Et il le toucha et il éclata de rire, comme un enfant qui découvre qu’il
peut faire des bulles de savon qui volent : ce qui accrédite la version selon
laquelle l’homme fut créé par hasard.
Par hasard peut-être aussi furent créés tous les animaux ! « Ce n’est pas
certain, dit Père Corbeau, mais je crois bien que je l’ai fait sans que
je l’aie voulu. »
« Oui, mais maintenant, hasard ou pas, tu es devenu responsable, dit le petit
moineau à Père-Corbeau : il faut que tu t’occupes de tout ce qui arrive
sur terre. »
Et avec l’aide du petit moineau, Père Corbeau aménagea la terre, enseigna
aux hommes comment semer, récolter, pêcher, chasser, construire des kayaks et
des maisons. Et la terre devint un lieu d’habitation paisible pour toutes
les créatures. Il n’y avait que l’Homme-Fils, celui qui avait été
jeté dans l’abîme, qui était violent et qui venait parfois troubler la
paix du monde.
Après quoi, Père-Corbeau réunit tous les hommes et leur dit : « Même si je ne
l’ai pas fait exprès, je suis votre Père, vous ne devez jamais
l’oublier. » Puis il regagna le ciel, qui était toujours dans
l’obscurité. Alors, il jeta dans l’espace des pierres à feu
qu’il avait ramenées avec lui et ce furent des étoiles. Puis avec le
reste des pierres à feu, il fit un soleil immense qui éclaira
l’univers
Ainsi vinrent à l’existence tous les êtres. Mais avant eux était Père
Corbeau et avant lui encore, petit moineau.
Sources : Il s’agit d’un mythe esquimau raconté par Knud Rasmussen
(Le don de l’aigle, 1937) traduit librement par M.L. von Franz (Les
mythes de création, p.26). Il ne s’agit évidemment pas d’un texte
ancien, mais d’un récit fait par un indien de la rivière Noatac (Alaska).
Deux idées importantes : l’une qui enchante les psychanalystes, que la
création se fait à partir des pulsions obscures de l’inconscient et non
de la claire volonté (comme nous faisons nous-mêmes nos enfants!);
l’autre, qui intéresse les mathématiciens, insiste sur le rôle du hasard
dans l’élaboration du monde : les « choses » se débrouillent toutes
seules.

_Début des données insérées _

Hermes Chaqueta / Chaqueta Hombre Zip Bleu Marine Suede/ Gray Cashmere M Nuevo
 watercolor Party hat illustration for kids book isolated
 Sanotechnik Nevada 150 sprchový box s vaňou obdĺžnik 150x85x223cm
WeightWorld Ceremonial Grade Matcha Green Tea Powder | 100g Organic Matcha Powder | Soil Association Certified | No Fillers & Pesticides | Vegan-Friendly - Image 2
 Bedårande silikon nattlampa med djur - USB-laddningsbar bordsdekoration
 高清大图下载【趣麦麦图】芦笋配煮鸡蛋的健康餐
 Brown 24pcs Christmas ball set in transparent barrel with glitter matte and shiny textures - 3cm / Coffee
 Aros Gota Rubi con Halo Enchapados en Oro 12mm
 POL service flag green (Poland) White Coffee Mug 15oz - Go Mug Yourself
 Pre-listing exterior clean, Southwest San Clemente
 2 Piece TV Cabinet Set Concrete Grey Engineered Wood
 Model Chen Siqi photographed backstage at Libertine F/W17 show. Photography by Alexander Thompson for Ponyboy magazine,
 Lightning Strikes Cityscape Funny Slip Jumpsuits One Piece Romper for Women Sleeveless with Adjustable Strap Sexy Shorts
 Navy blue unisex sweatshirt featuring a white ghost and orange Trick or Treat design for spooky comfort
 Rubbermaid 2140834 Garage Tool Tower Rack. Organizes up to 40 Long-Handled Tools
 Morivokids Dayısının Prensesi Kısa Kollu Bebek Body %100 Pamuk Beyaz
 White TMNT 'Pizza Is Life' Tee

Un pas de plus : ce que nous faisons selon nos plans est souvent raté,
mais ce que nous faisons en nous livrant à notre instinct peut réussir.
(pour accéder aux comédies pour enfants de Michel Fustier: http://theatre.enfant.free.fr , aux comédies aiguës : http://comedes.aigues.free.fr , aux comédies pour l’entreprise : http://theatrentreprise.free.fr …))Michel Fustier, 4 rue de Chambfort, 69 100 Villeurbanne, 04 78 84 25 28.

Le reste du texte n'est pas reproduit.